Meet the Collective: Mari Watanabe

 
 
Preservation Hall - Meet the Collective: Mari Watanabe
 

Pianist, composer and arranger Mari Watanabe began her musical journey in Tokyo, Japan with piano lessons at age four with her grandmother, a piano teacher. As a freshman in college at Waseda University, Mari joined the school’s New Orleans Jazz Club, an organization formed in 1957, after clarinetist George Lewis toured Japan and inspired students to study New Orleans music.

Mari traveled to New Orleans for the first time during Mardi Gras 1985, to see the music first hand. She and her fellow students visited Preservation Hall, and saw the great trumpeter Kid Sheik perform alongside a 90-year-old Kid Thomas. They saw the Olympia Brass Band, and witnessed a New Orleans jazz funeral for the first time.

She quickly decided to make the city her permanent home, and had moved in by that December. Mari’s first gig as a professional musician in New Orleans was at the Gazebo Cafe on Decatur street every weekend, where she performed with Chris Burke and Wendell Brunious on trumpet. 

“I did not know too many songs when I came here, so I had to study very, very hard. One day, an old man came up to me and said ‘You sound good, but you’ve got to learn the 9th, raised 11th and the 13th,” she recalled.

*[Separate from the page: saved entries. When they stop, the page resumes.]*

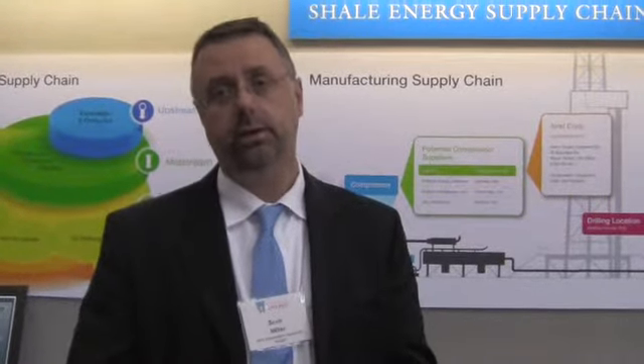It's a unique technological fix using the power of the internet and our online mapping tools to pull all of that information together and shorten the time for Ohio-based businesses to get into the supply chain and take advantage of this opportunity.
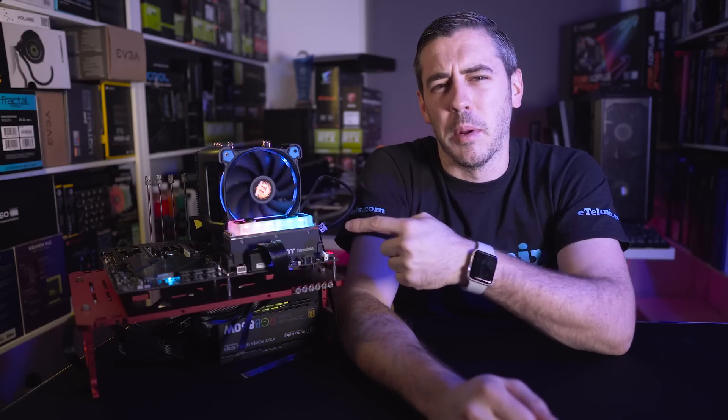Hey everyone, I'm Andy Raffel from eTechnics.com and you have to look at where do you take water cooling next. We have CPU blocks, we have GPU blocks. Well today we've got a memory block.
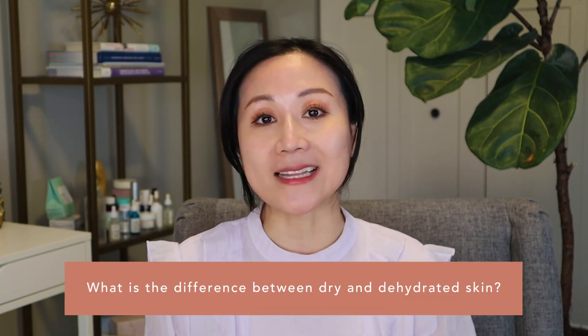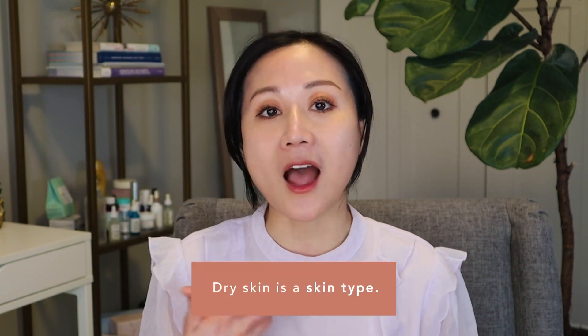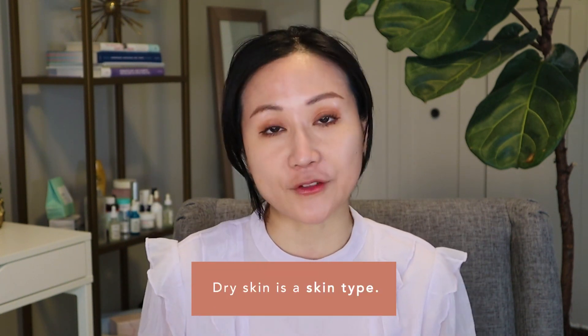What is the difference between dry and dehydrated skin? In short, dry skin is more of a skin type that one will often have throughout their lifetime and has to do with a defect in the lipid content of your skin. Dry skin is often associated with conditions like atopic dermatitis and eczema, and there are certain genetic defects in making that lipid barrier content that people with dry skin have.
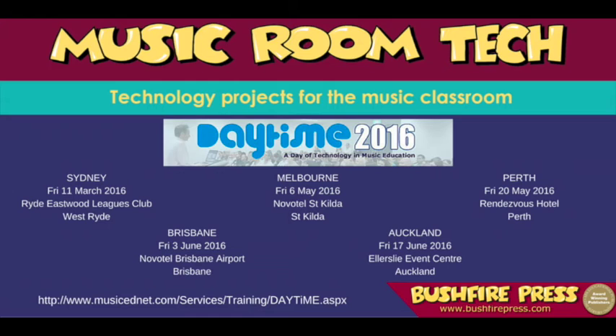Over the next few weeks, I'll be showing you some of the titles in this new series Music Room Tech. And if you'd like to spend some time with me in some live music technology workshops, I'm travelling around Australia and New Zealand this year with Music EdNet on their daytime conference circuit.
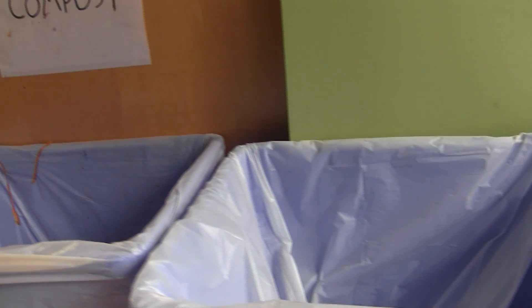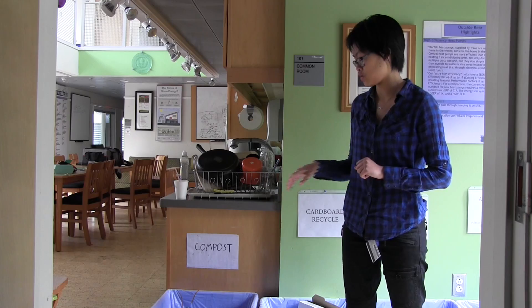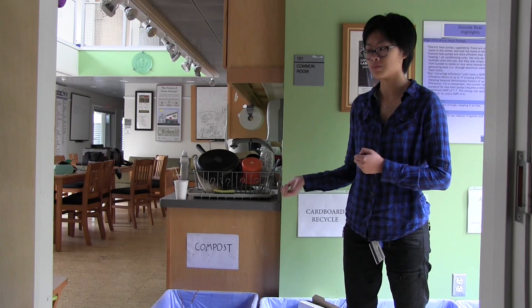Compost is the process of having your food broken down by microbes into smaller and simpler compounds. Every time you make eggs, you take the shell, crush it up a little bit, throw it in the compost. You use paper towels, rip it up a little bit, throw it in the compost.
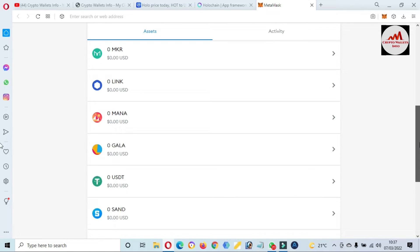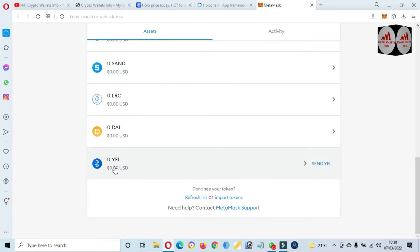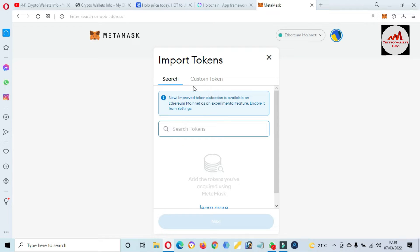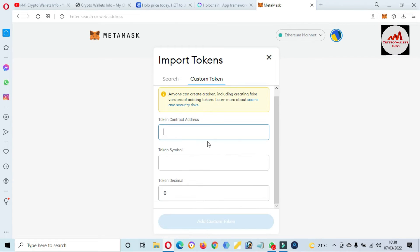You can see I already have many tokens in my MetaMask wallet. Yesterday we added Yearn Finance — that is a big token, but I'm not giving any financial advice. Now we are going to add a new token. Just simply click on 'Import Token' and there are two options: Search and Custom Token. I click on 'Custom Token.' Now we need to put the contract address here. If the contract address is correct and the blockchain is correct, the token symbol and token decimal will be automatically filled.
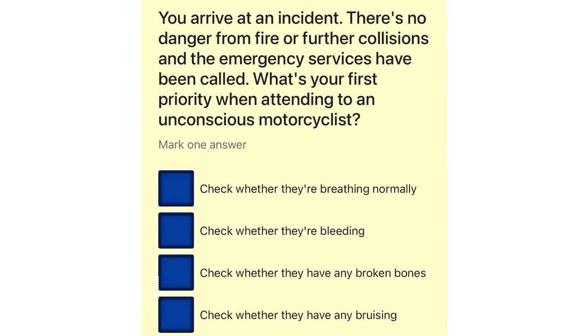You arrive at an incident. There's no danger from fire or further collisions and the emergency services have been called. What's your first priority when attending to an unconscious motorcyclist? Check whether they're breathing normally. Check whether they're bleeding. Check whether they have any broken bones. Check whether they have any bruising.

That man was the great Danny Barker. 

Mari took his advice and learned the tension chords he was referring to. She began experimenting with their use in traditional jazz, developing a style of her own and picking up more gigs around town. About a year later, Mr. Danny Barker passed by one of her gigs again, and this time told her, “You sound better. Do you have a keyboard?” 

She didn’t have a keyboard, but decided to follow his advice again and make a deal. He told her “If you get one, I can use you on my gig.” 

“The old man kept his promise,” Mari recalls. “I got a keyboard and started playing his gigs at Dutch Alley every Sunday.”

By ‘87, she was filling in for pianist Sadie Goodson, sister of Billie Pierce, with Gregg Stafford’s band, where she met Preservation Hall musicians David Grillier, Lucien Barbarin, Shannon Powell, Joe Lastie and Leroy Jones. She went on to record with Willie Humphrey, and perform in Jackson Square with Tuba Fats.

Danny Barker continued to mentor Mari until his death in 1994.

“His last words to me were ‘Tend to your business. In other words, keep working.’ And that’s why I’m still here today.”

"Mari is soft-spoken and unassuming - that is, until she gets on the piano. That's when all language barriers are broken down," says Ben Jaffe. "Once Mari moved to New Orleans from Japan, she immersed herself in the culture of the city. I remember her coming to the Hall to listen to Sadie Goodson and Jeanette Kimball. In New Orleans, it's not always about the notes - it's about what takes place in between the notes. It's a challenging concept, one you won't find in any textbook. The only way to learn it is the way Mari did - go straight to the source."

Today, Mari shares her expertise with students as a member of the Preservation Hall Musical Collective, and remains a regular on the piano at 726 Saint Peter street. She has performed at home and abroad with legends such as Danny Barker, Tuba Fats, and Kermit Ruffins, Harold Dejan’s Olympia Brass Band, the Dirty Dozen Brass Band, and the Chosen Few Jazz Band, which she proudly leads today.

“The first time I went to a jazz funeral, it was, I would say, sight seeing. The second time and the third time, it was a funeral for somebody I know. Then it was a funeral for friends. One day, it will be my funeral. I hope people come to parade for me.”